→ The input
:::

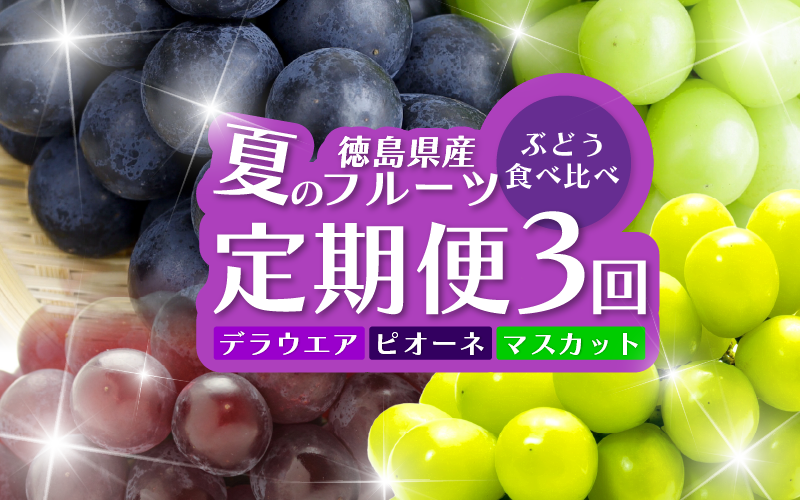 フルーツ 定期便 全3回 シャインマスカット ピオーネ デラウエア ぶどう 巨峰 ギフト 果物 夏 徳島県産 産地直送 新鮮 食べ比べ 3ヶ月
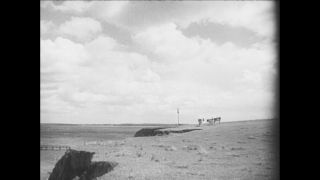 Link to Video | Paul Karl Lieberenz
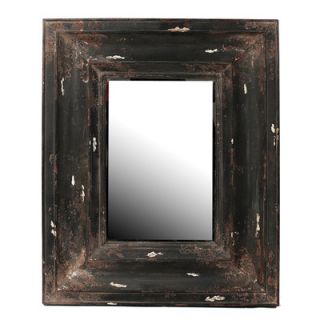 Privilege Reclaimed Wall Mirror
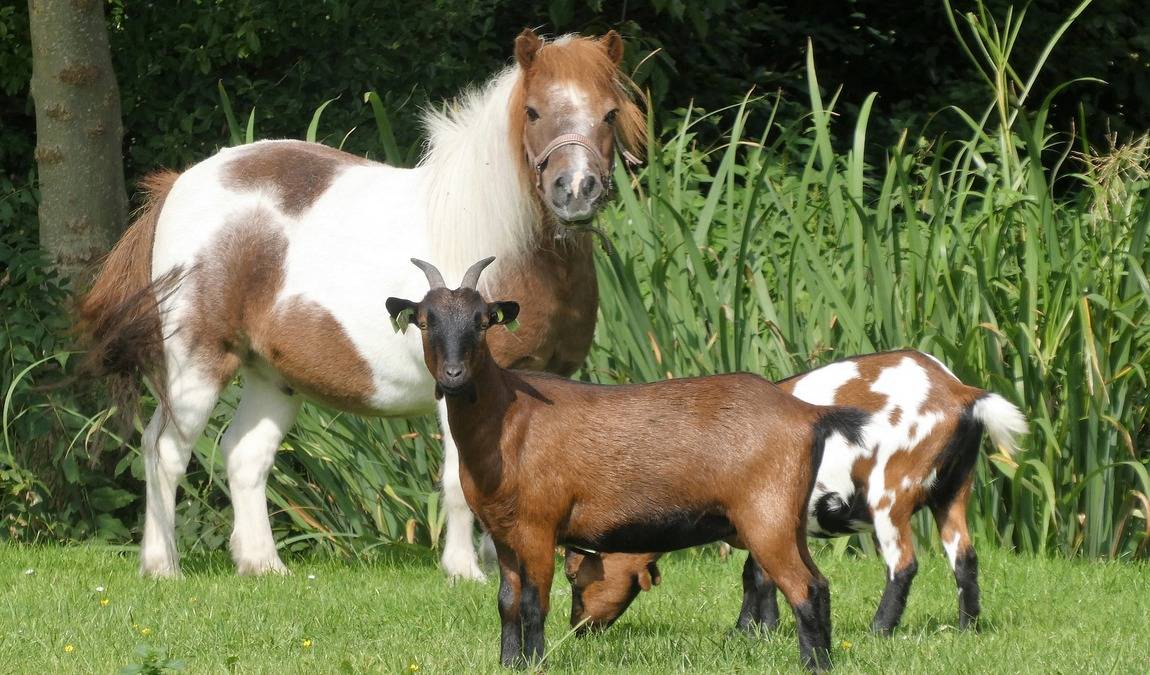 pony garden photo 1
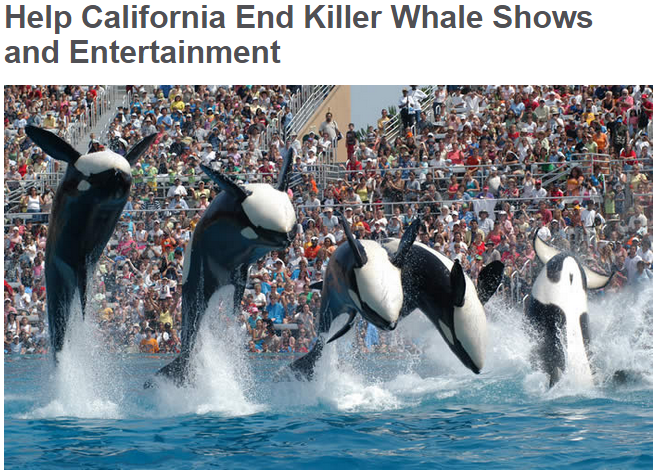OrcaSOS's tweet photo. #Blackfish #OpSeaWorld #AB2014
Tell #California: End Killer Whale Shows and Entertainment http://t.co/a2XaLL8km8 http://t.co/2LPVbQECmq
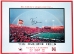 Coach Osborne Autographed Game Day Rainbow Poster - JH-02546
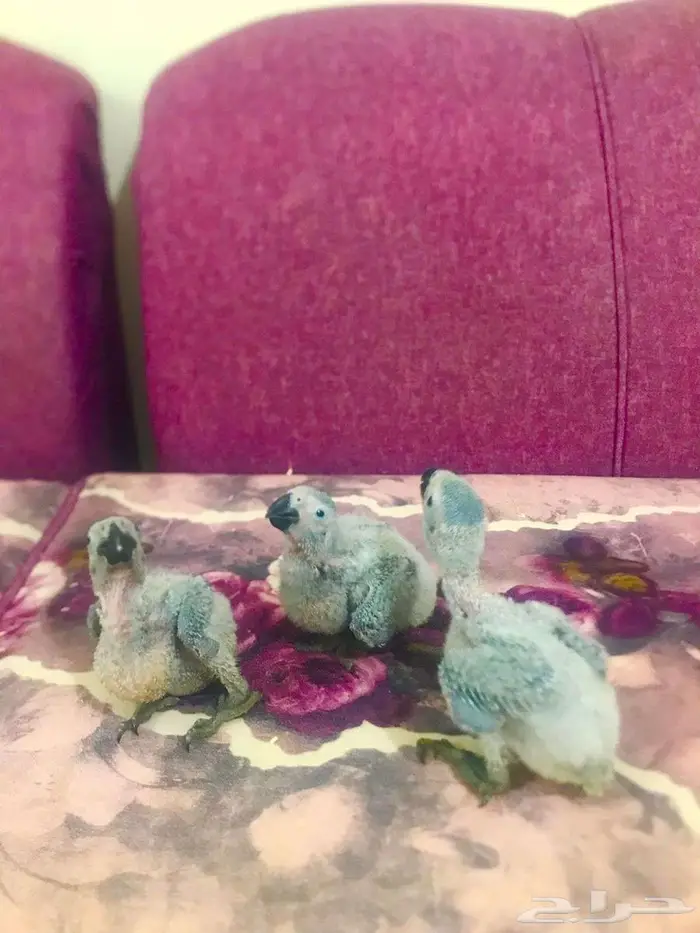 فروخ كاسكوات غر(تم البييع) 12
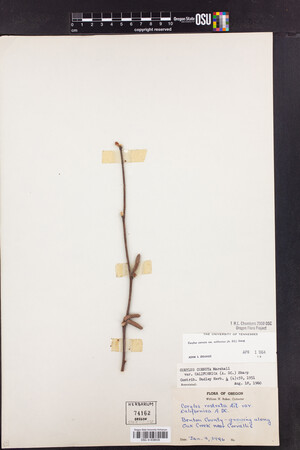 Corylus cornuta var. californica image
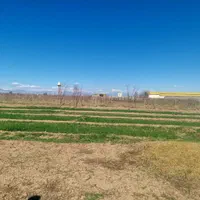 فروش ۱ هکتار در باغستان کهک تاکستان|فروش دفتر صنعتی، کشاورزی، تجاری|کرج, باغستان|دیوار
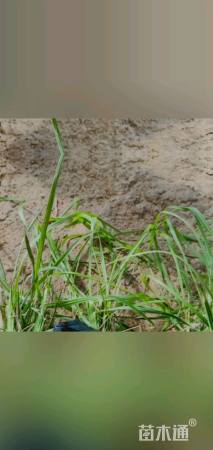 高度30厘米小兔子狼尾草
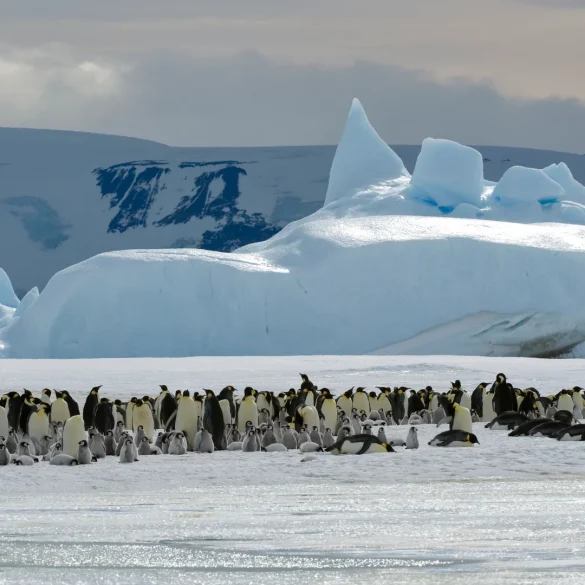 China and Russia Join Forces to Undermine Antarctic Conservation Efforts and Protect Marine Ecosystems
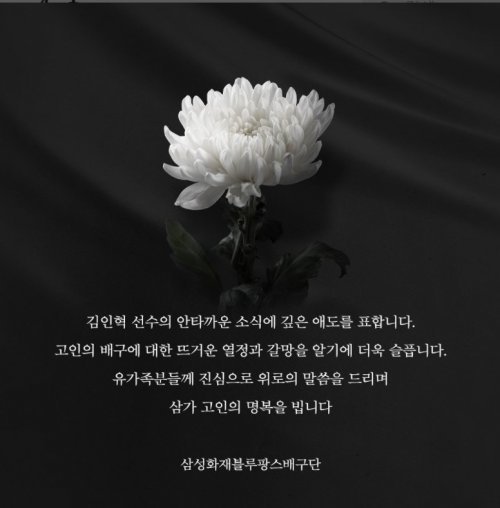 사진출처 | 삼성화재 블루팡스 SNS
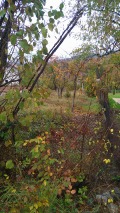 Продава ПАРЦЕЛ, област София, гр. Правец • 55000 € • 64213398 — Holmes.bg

:::

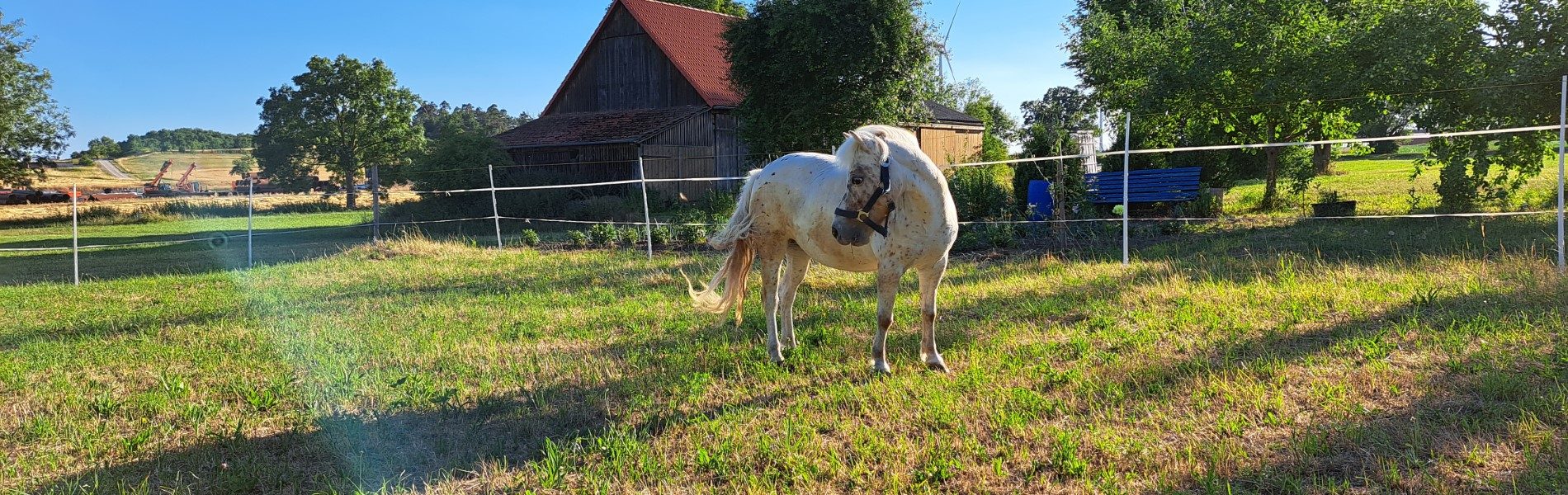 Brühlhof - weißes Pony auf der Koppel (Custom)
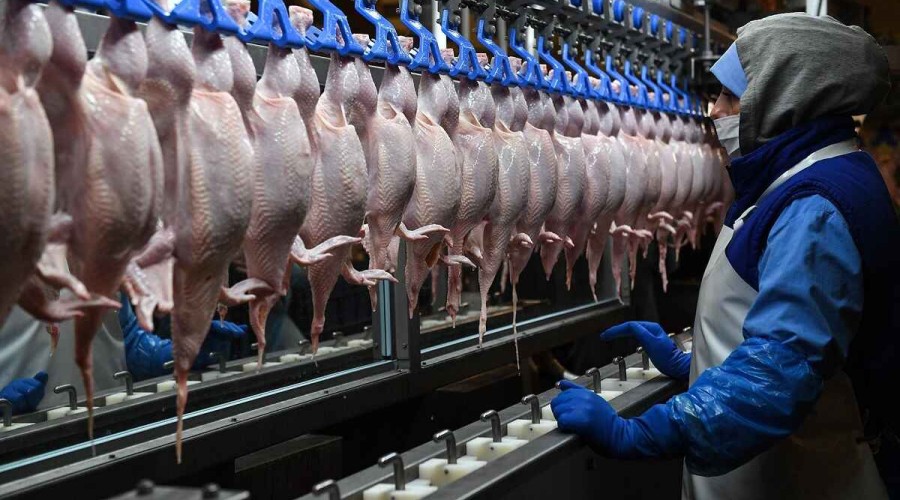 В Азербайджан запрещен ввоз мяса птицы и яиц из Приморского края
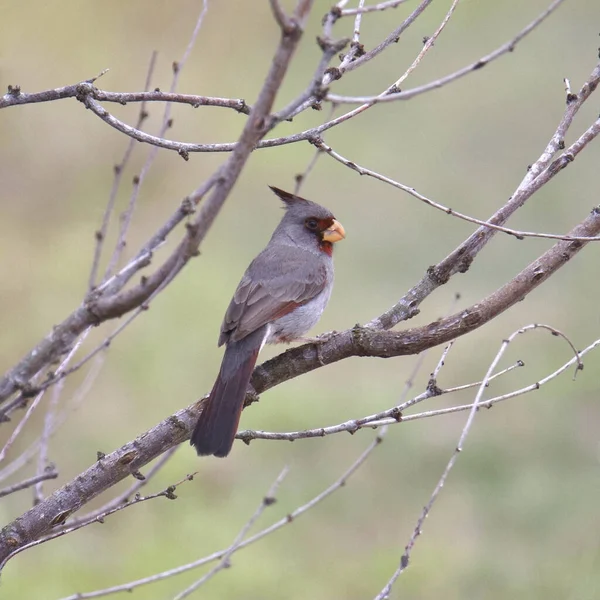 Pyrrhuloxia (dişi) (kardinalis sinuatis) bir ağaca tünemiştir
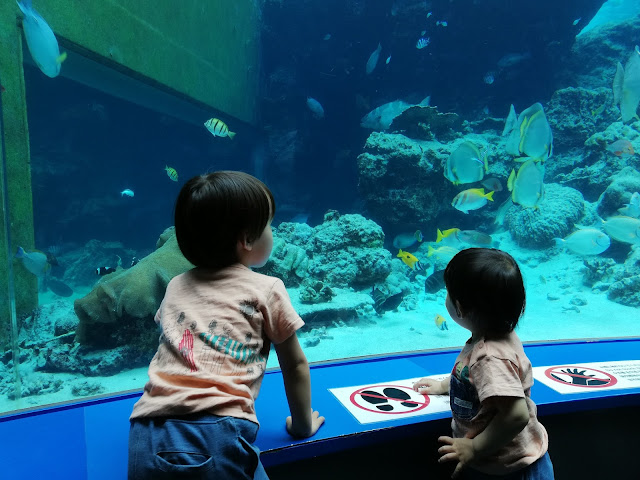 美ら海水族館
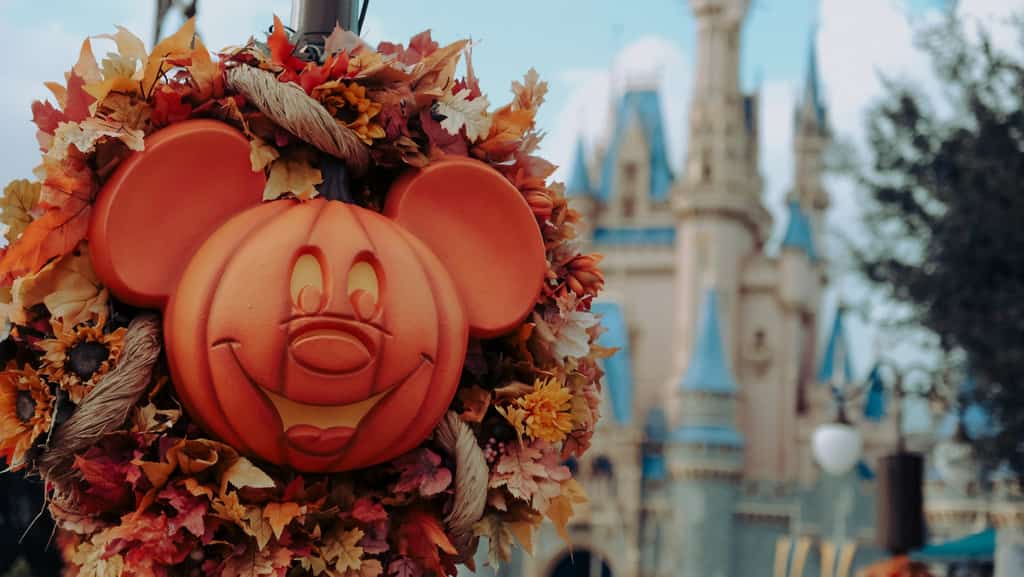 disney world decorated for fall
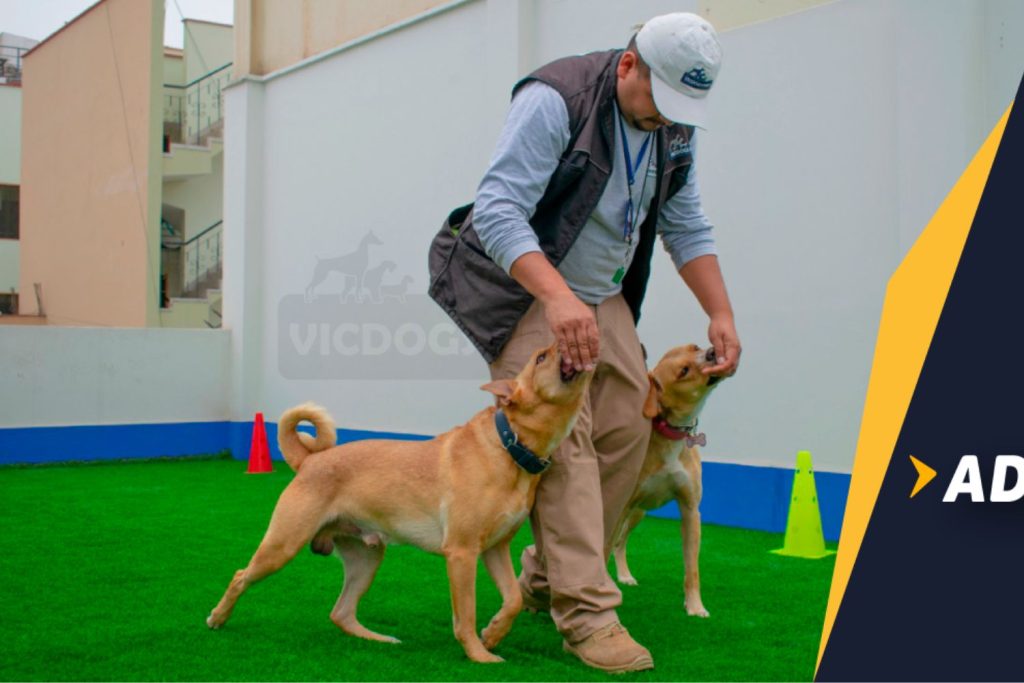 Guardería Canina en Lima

:::

→ Work instruction
Given the listing above, repeat exactly the lines starting at the one with "disney world decorated for fall" and ending at the one with "Guardería Canina en Lima", inclusive, excluding pictures.

→ Solution below
 disney world decorated for fall
 Guardería Canina en Lima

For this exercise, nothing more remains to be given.